• [Assignment] In the records below, find the line holding "1 Bed, 1 Bath, 660 Sq. Ft." and the line holding "Front View of". Set down both, with every line between them, exactly.

• [Exercise data]
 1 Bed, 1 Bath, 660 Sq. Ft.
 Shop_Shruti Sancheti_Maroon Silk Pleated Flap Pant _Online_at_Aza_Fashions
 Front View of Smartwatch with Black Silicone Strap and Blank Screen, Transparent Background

--

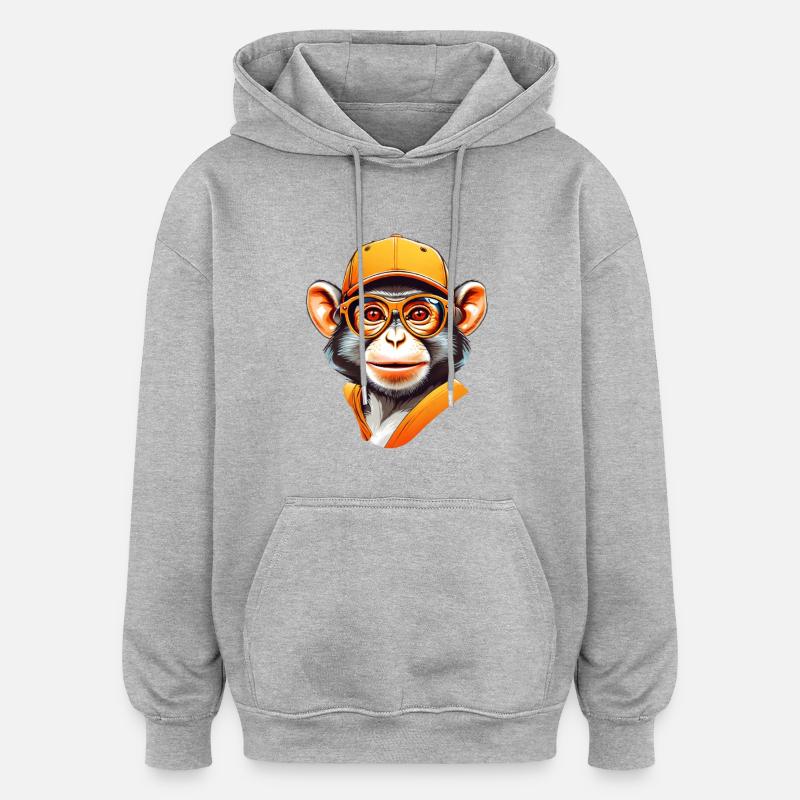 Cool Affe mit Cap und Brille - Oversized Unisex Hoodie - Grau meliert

• [Response]
 1 Bed, 1 Bath, 660 Sq. Ft.
 Shop_Shruti Sancheti_Maroon Silk Pleated Flap Pant _Online_at_Aza_Fashions
 Front View of Smartwatch with Black Silicone Strap and Blank Screen, Transparent Background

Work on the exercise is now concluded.